## TASK REQUIREMENTS
Please output the section of the listing below that opens with the line containing "Foto de uma" and closes with the line containing "kitchen featuring hanging", exactly and with nothing else.

## EXERCISE MATERIALS

○ ○ ○ ○

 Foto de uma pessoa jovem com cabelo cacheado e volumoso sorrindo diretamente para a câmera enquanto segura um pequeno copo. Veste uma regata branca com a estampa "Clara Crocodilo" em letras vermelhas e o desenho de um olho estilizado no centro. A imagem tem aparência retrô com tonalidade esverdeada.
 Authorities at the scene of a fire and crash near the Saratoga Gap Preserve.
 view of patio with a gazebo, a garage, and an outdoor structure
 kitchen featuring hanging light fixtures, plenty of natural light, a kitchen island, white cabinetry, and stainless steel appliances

○ ○ ○ ○

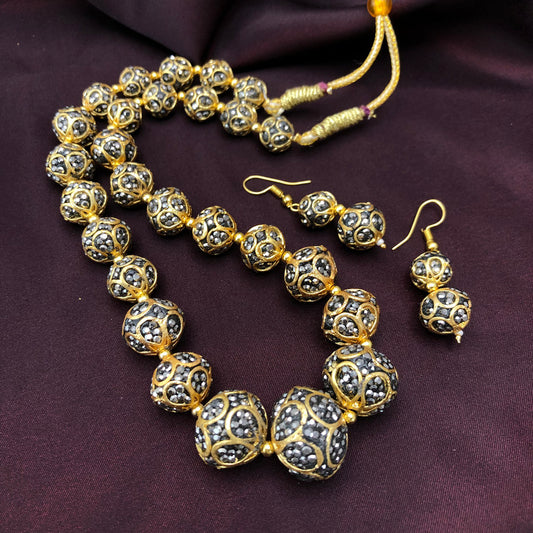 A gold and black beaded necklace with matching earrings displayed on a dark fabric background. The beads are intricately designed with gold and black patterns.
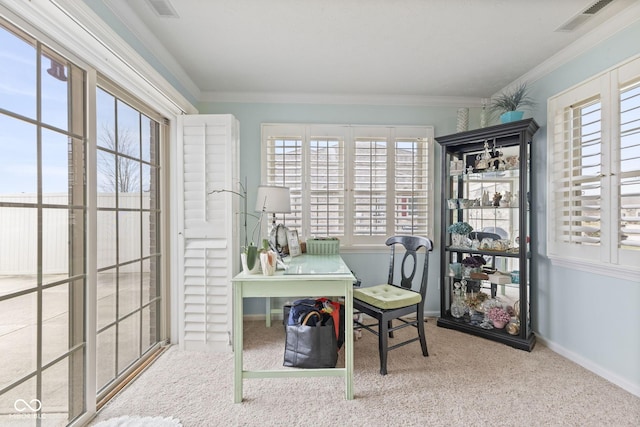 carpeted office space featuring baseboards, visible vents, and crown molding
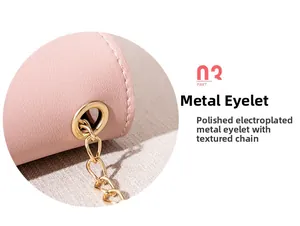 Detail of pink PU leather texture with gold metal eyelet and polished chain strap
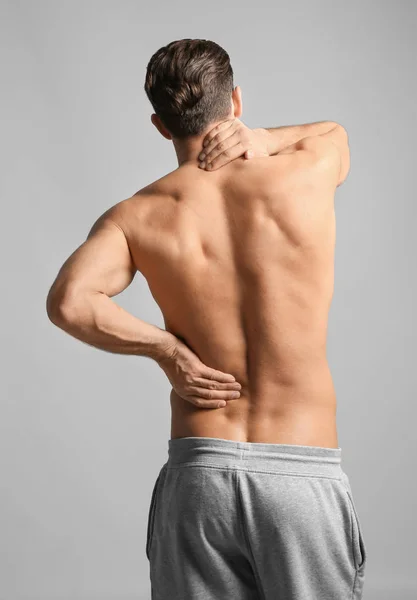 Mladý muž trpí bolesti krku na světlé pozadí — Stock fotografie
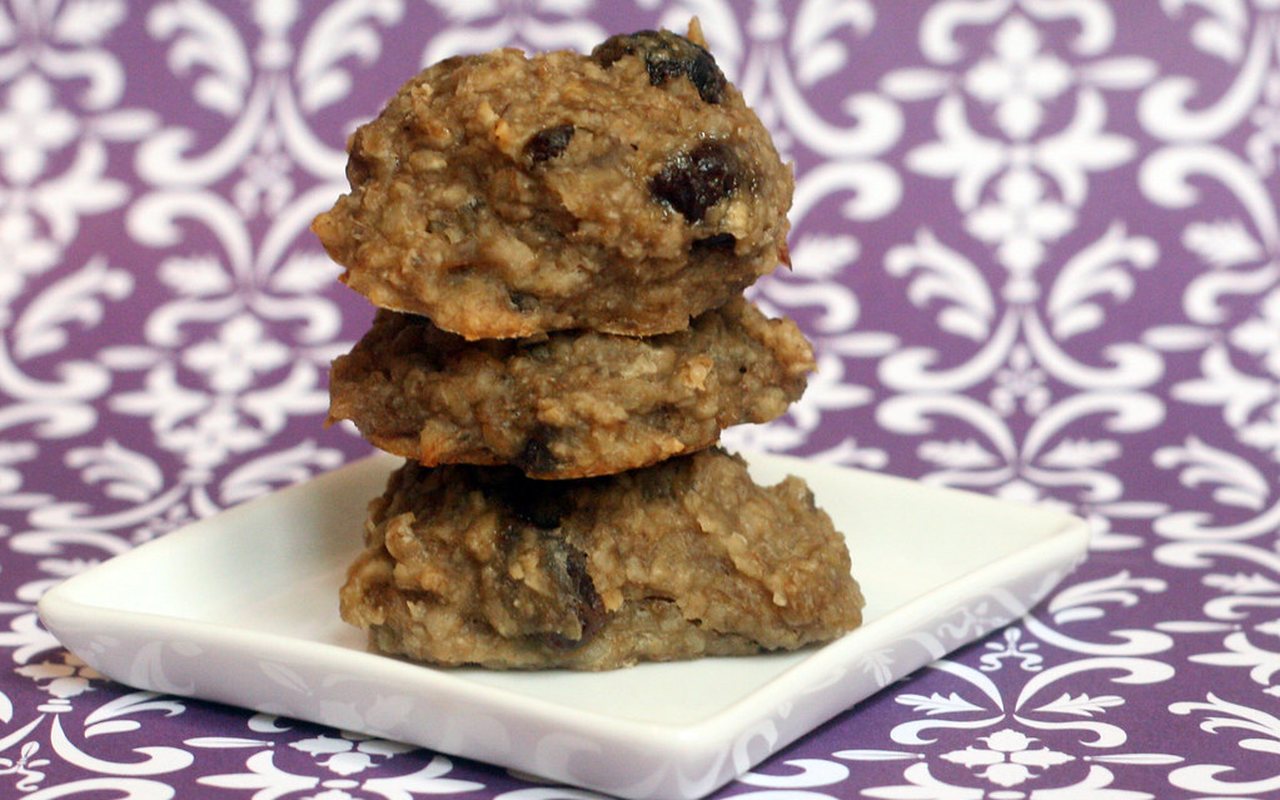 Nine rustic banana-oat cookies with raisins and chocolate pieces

○ ○ ○ ○

## ANSWER TO THIS EXERCISE
 Foto de uma pessoa jovem com cabelo cacheado e volumoso sorrindo diretamente para a câmera enquanto segura um pequeno copo. Veste uma regata branca com a estampa "Clara Crocodilo" em letras vermelhas e o desenho de um olho estilizado no centro. A imagem tem aparência retrô com tonalidade esverdeada.
 Authorities at the scene of a fire and crash near the Saratoga Gap Preserve.
 view of patio with a gazebo, a garage, and an outdoor structure
 kitchen featuring hanging light fixtures, plenty of natural light, a kitchen island, white cabinetry, and stainless steel appliances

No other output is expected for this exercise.